Image of Alex McEwan (Credit: Kat Bawden)


Glasgow-born singer Alex McEwan released his new track Hold Your Hands Out to Me in March, a song which uses niche techniques to capture fond memories of childhood in Scotland.

‘Hold Your Hands Out to Me’ was written entirely by McEwan, and was produced with fellow musician, Graham Noon. It is also one of the first songs McEwan has released after a hiatus spanning over a decade.

When asked about the inspiration behind the song, McEwan said: “Fond memories of growing up in Scotland were particularly triggered during the lockdown, when I hadn’t been home for a couple of years. So it was just natural to try to evoke that image of Glasgow and the West Coast.”

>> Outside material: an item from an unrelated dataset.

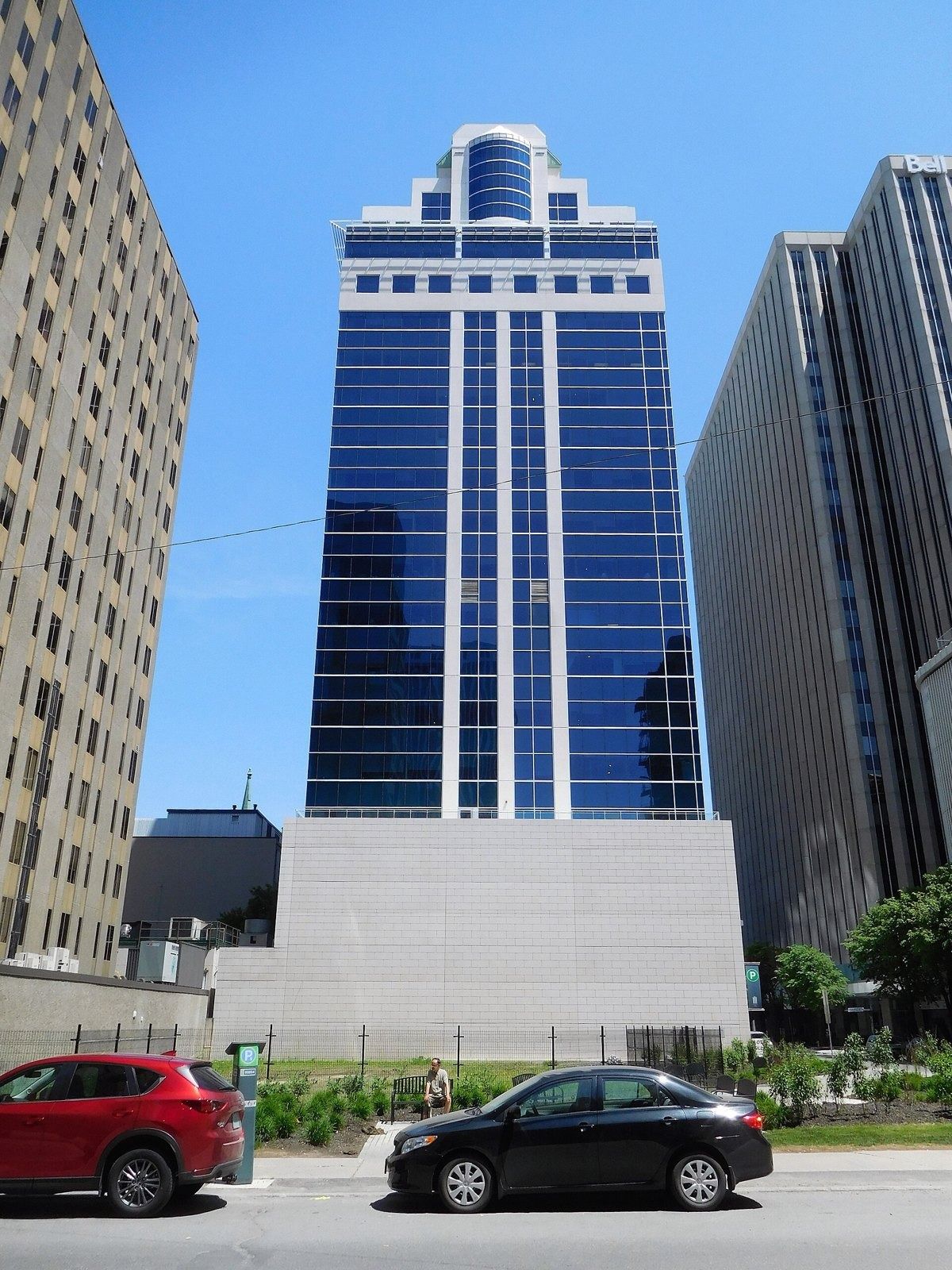 Performance Court, a blue glass tower at 150 Elgin Street, Ottawa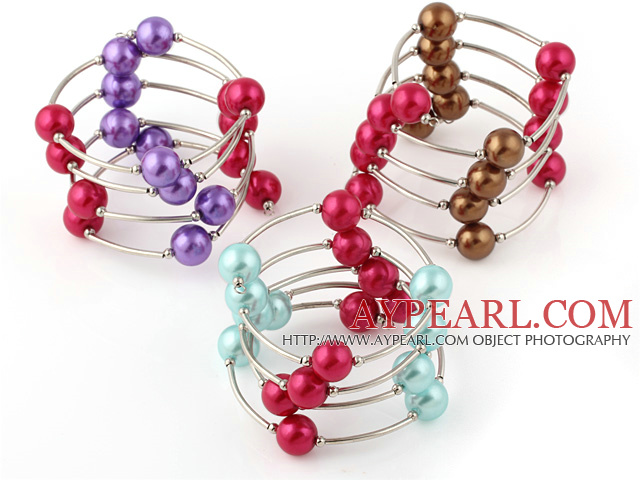 Fashion 3 Pcs 12mm Multi Color Round Seashell Beads Wired Wrap Bangle Bracelet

The Old Man of Storr, Isle of Skye (credit: Giuseppe Milo)


Rooted in Scotland both lyrically and melodically, the song features accordion playing from Alan Dunn, references to mushy peas, as well as the famous Scottish street names; Sauchiehall Street, Kelvingrove and Byres Road.

McEwan takes this projection of the Scottish landscape one step further with his unconventional inclusion of Scottish spoken dialogue: “Son, you’re lost”.

Commenting on this artist choice, McEwan said: “The line itself was inspired by the thought of walking around Glasgow after being away for a while and appearing a bit like it’s all new to me again. The woman is a bit of a comforting figure repeating to me familiar words from childhood when I might wander off.”

McEwan has been a musician for some time now, having first picked up a guitar in Glasgow when he was 13 years old.

When asked if there was anything that still surprises him about his craft, he said: “ Yes I think it’s the way in which new tunes can still just come and through the magic of collaboration we come up with a finished record with a sound and lyrics that resonate with people.”

Whilst the song is Scotland-centred, it also has a universality to it. “This song is about leaving home and ‘finding your way’ perhaps after making mistakes and having regrets about the past,” says McEwan. “But hey, we all make mistakes, and don’t beat yourself up too much.”